With settlement off the table, there was no way to avoid Congressional action. A half dozen wolf delisting bills were introduced last year, and so many proposals were floating around this year that no one was sure until this week exactly how the rider would be worded. Now, it's clear: "[T]he Secretary of the Interior shall reissue the final rule published on April 2, 2009. … Such reissuance … shall not be subject to judicial review." In other words, go on as if Molloy's 2010 decision had never happened. The bill also preserves a different U.S. District Court decision that tells the Fish and Wildlife Service to reexamine its finding that Wyoming's wolf management plan won't cut it.

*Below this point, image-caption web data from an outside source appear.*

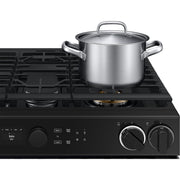 Samsung 30-inch Slide-in Dual Fuel Range with Wi-Fi NSY6DG8550SR/AA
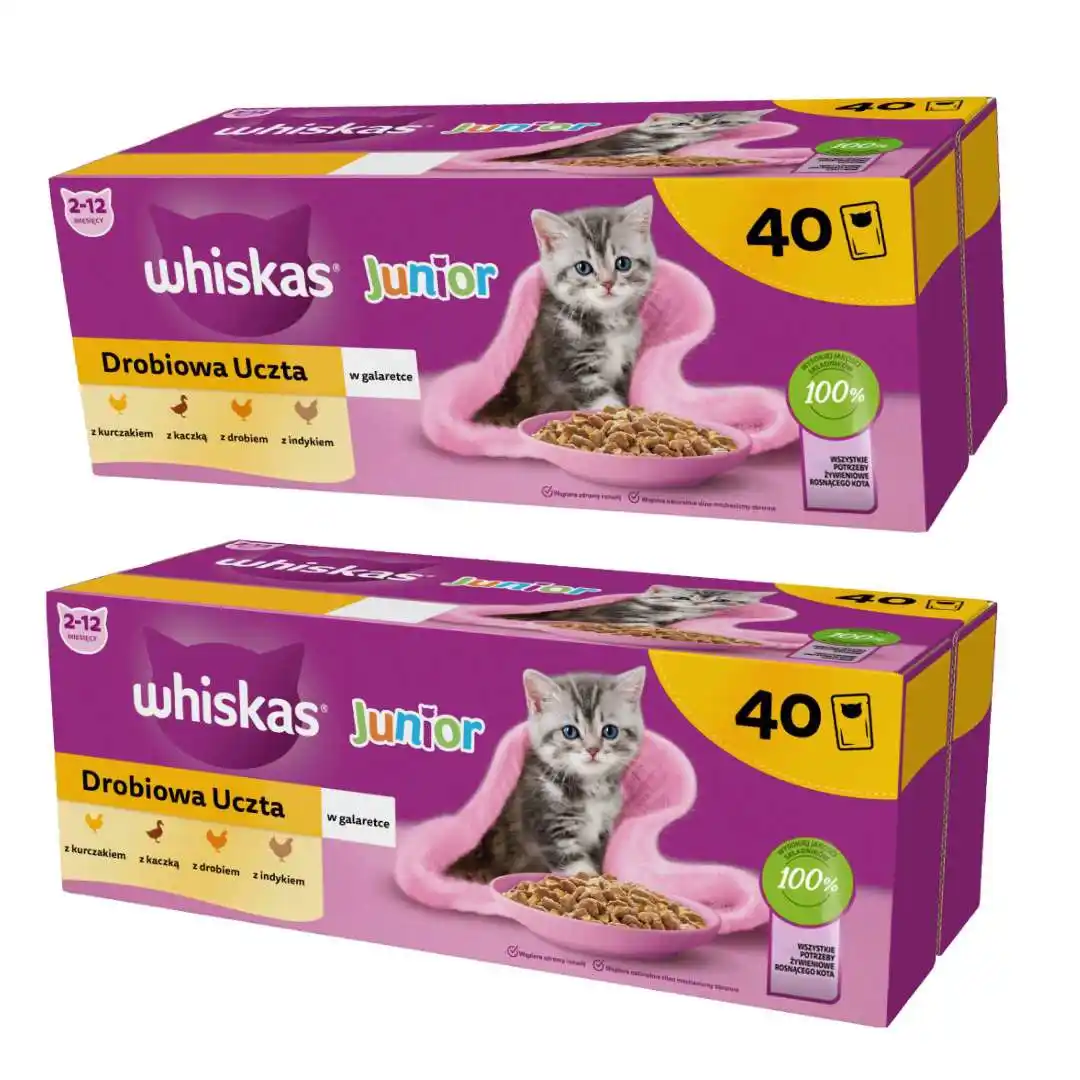 Whiskas Junior mix smaków w galaretce kitten 85 g × 80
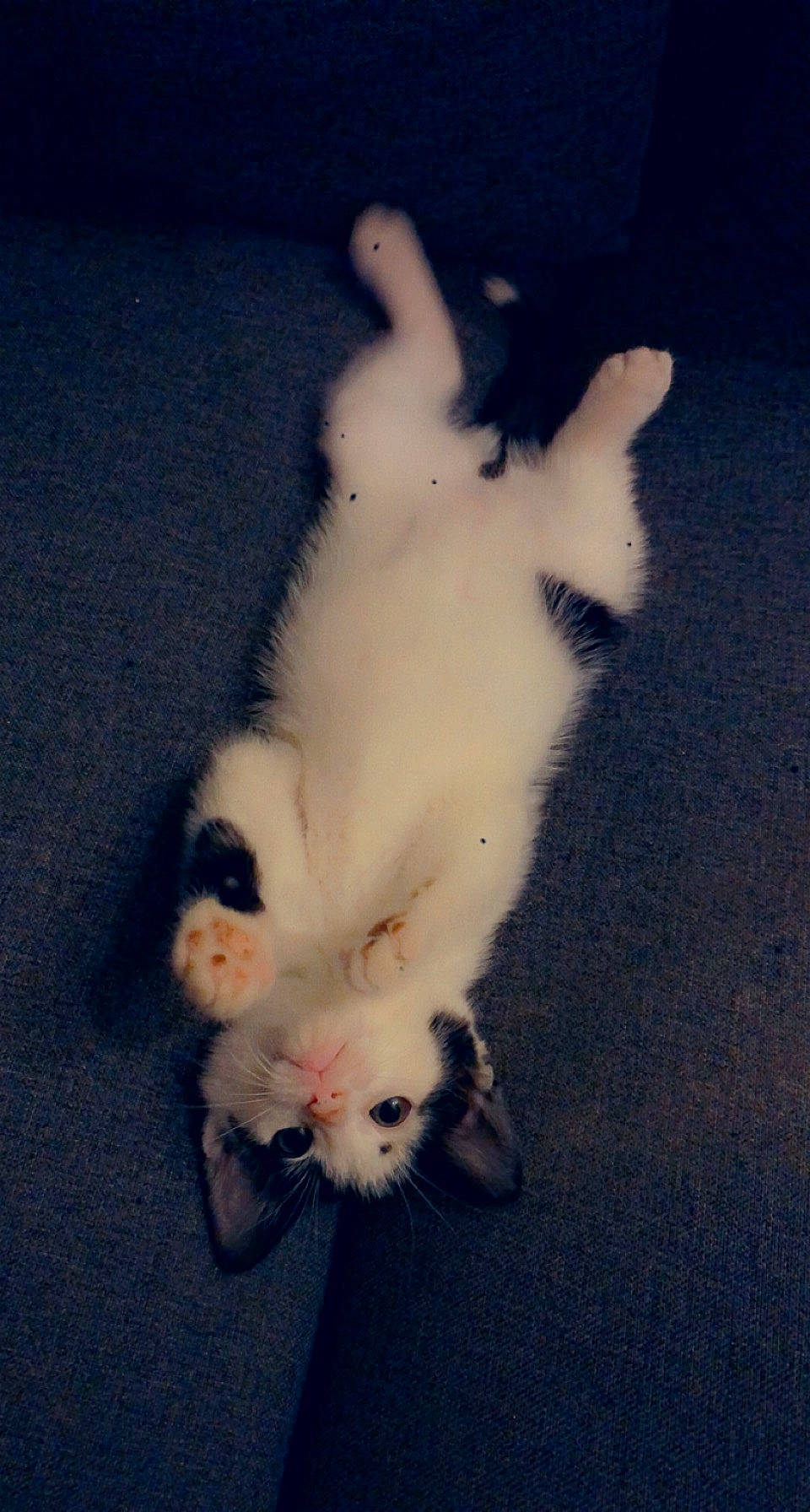 Roméo participe au concours pour gagner de l'argent avec cette photo : canidae, carnivore, cat, claw, companion_dog, dog_breed, domestic_short_haired_cat, fawn, felidae, foot, fur, gesture, paw, photo_caption, small_to_medium_sized_cats, snout, sporting_group, tail, whiskers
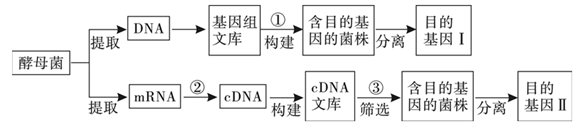 德优题库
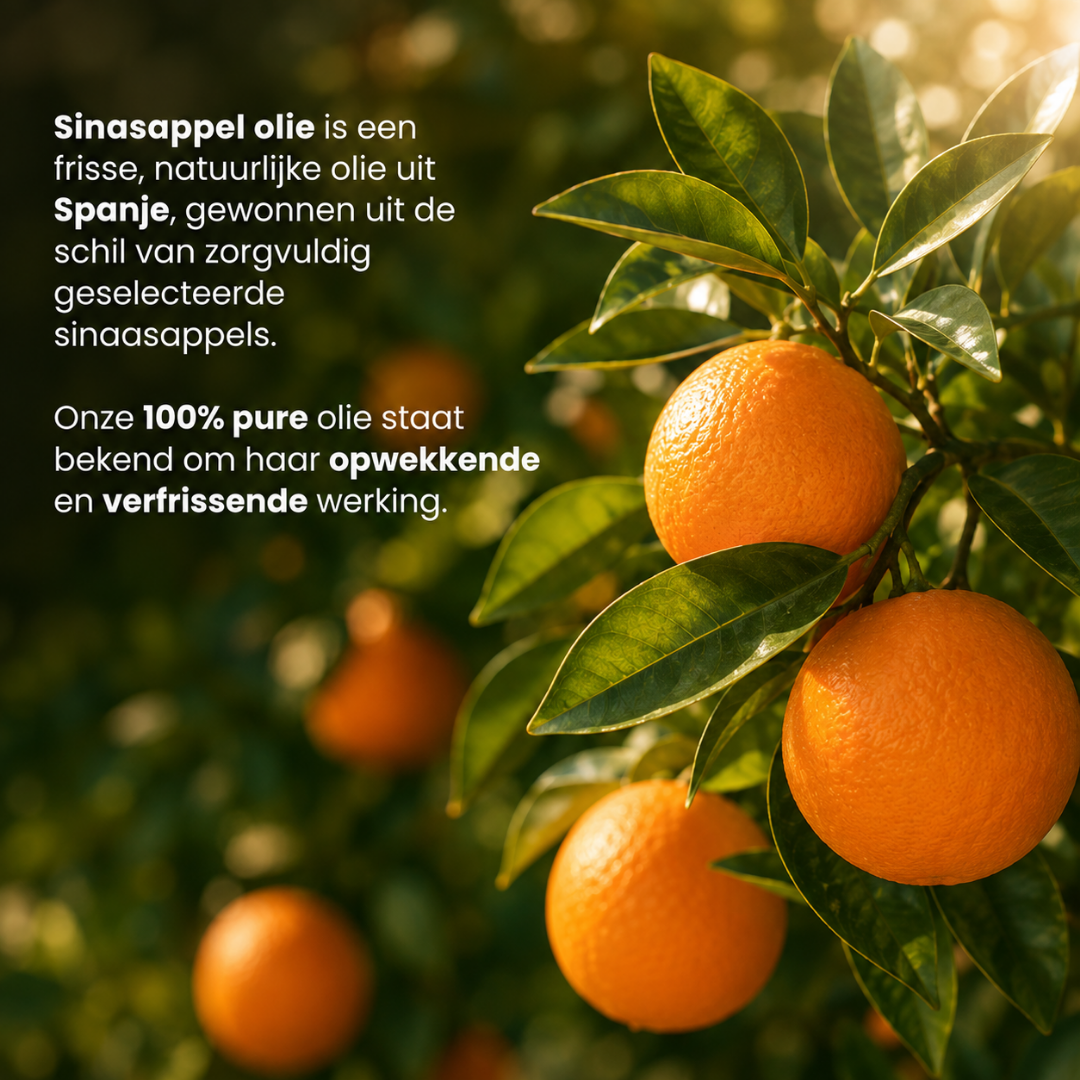 Ätherisches Orangenöl 100 % rein & dampfdestilliert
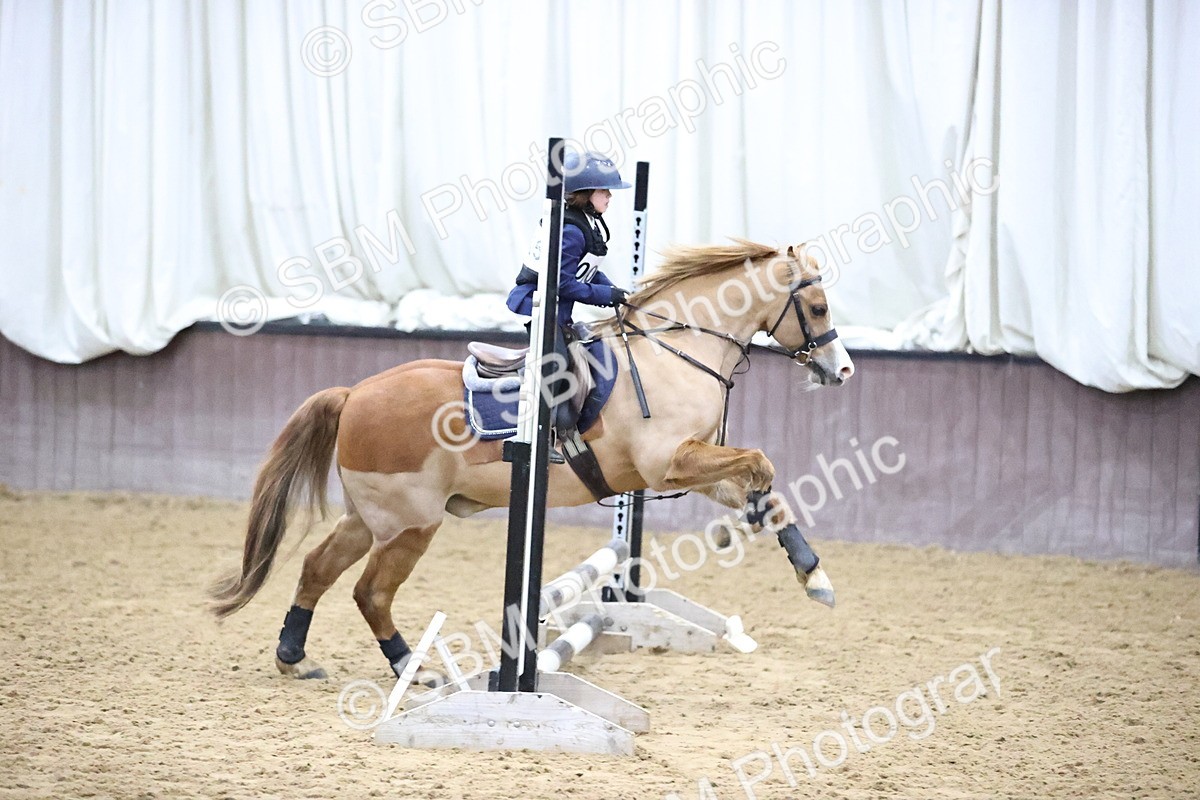 SBM_000135 - Class 2 - 50cm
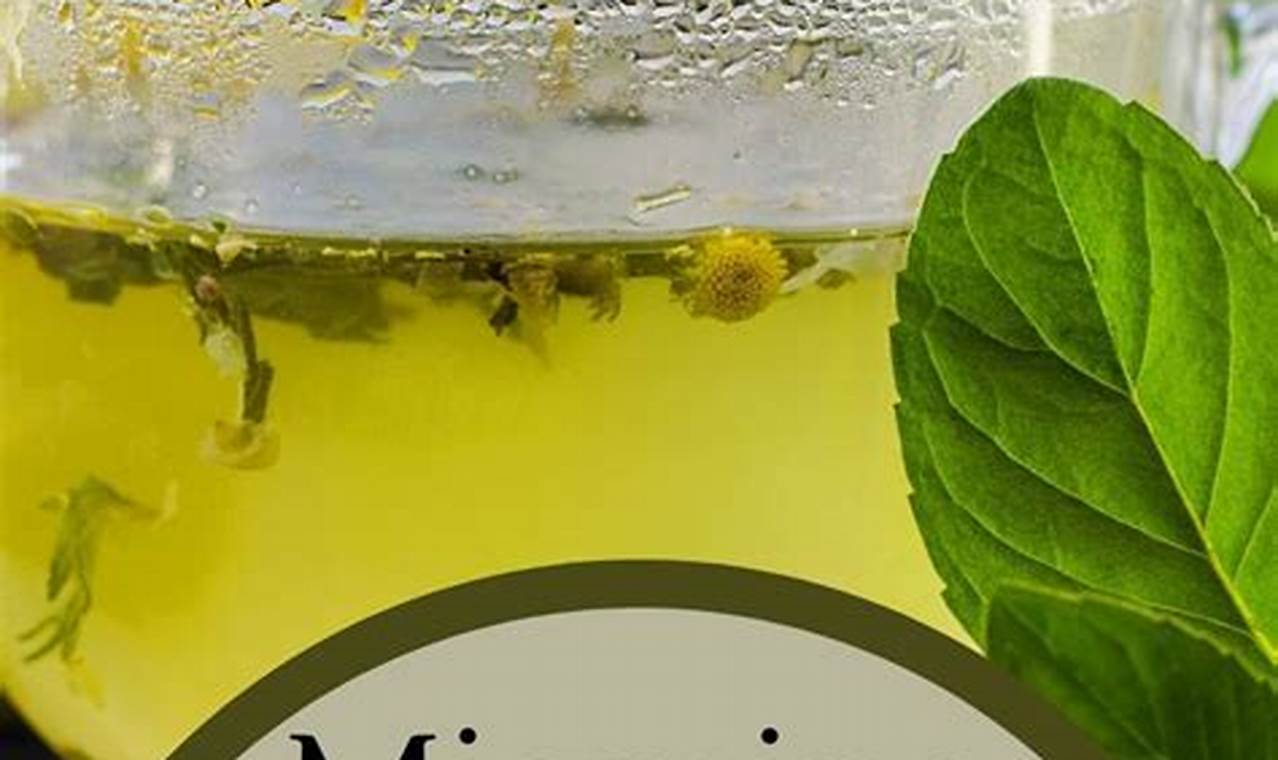Natural Herbal Supplements for Migraines Relief Now The Ultimate Herbal Remedies Guide: Natural Healing for a Healthier Life Natural Herbal Supplements for Migraines Relief Now | The Ultimate Herbal Remedies Guide: Natural Healing for a Healthier Life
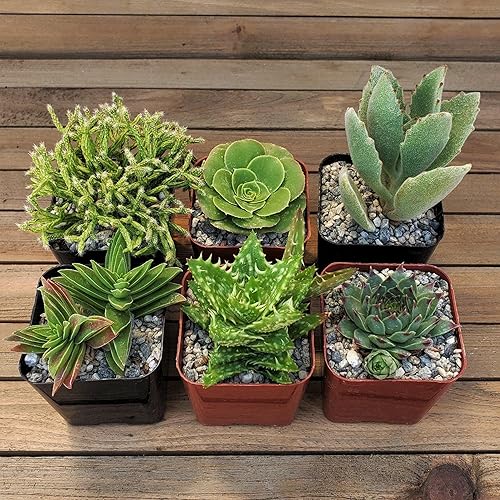 Miniatura 4 de Green Garden - Suculentas de 2 pulgadas (paquete de 16) cactus suculentas reales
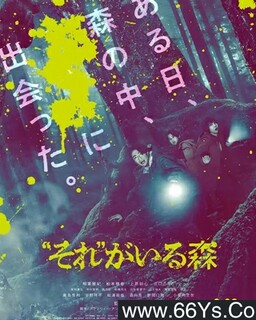 ���Ǹ������ڵ�ɭ�ֵķ���ͼ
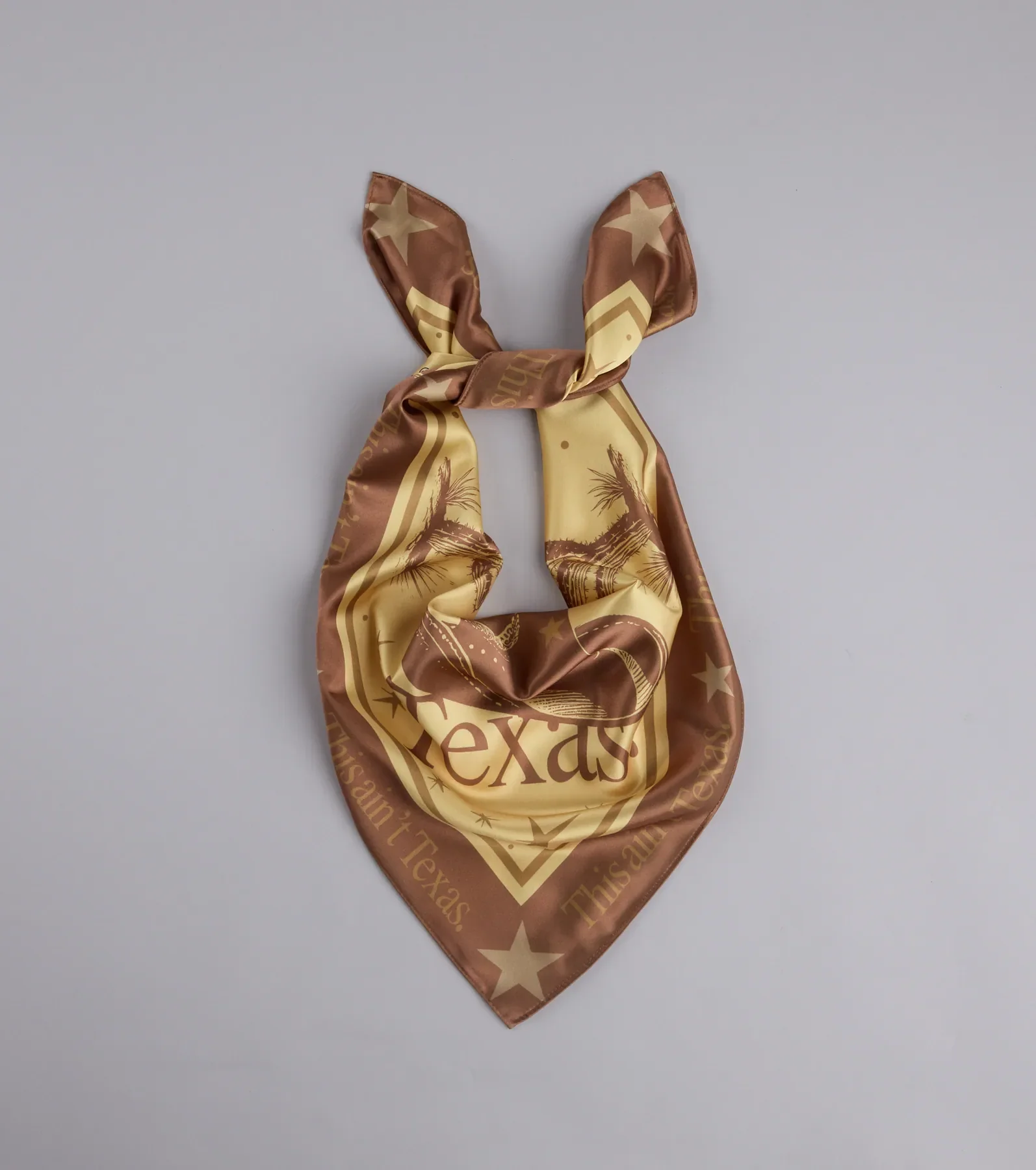 This Ain't Texas Satin Scarf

Sen. Jon Tester (D-Mont.) and Rep. Mike Simpson (R-Idaho) introduced the language. Both parties' leaders signed off on it. Democratic leaders may have hung relatively tough on riders that would have limited the reach of the EPA. But they evidently weren't going to risk much for the wolves.
"We needed to figure out a way to manage these critters just like we manage other wildlife, and this is the way to do it," Tester told The Associated Press. "If you take a look at impacts wolves have had on domestic livestock, on our big game, it is not deniable that it has been extensive."
The extent of wolves' impact on livestock and game is actually a lot more deniable than their impact on politics in the inland West. You can't go wrong by bashing predators. Barker wrote that "with western Democrats like Montana Sen. Jon Tester facing a nearly impossible reelection with wolves under federal protection, Congress will set precedence by delisting a species on a bill that must pass and that environmentalists can’t stop and that they can’t challenge in court."
Now, with Tester's language in the budget bill, advocates for all endangered species face "an unfortunate situation," Greenwald says. When the settlement fell apart, Greenwald said he had hoped that Congressional language would turn out to be at least a bit less draconian. But no. "It's a terrible precedent," Greenwald says. And he can't blame it on the conservatives: "To have a Democrat — to have Senator Tester — doing this is just a disaster."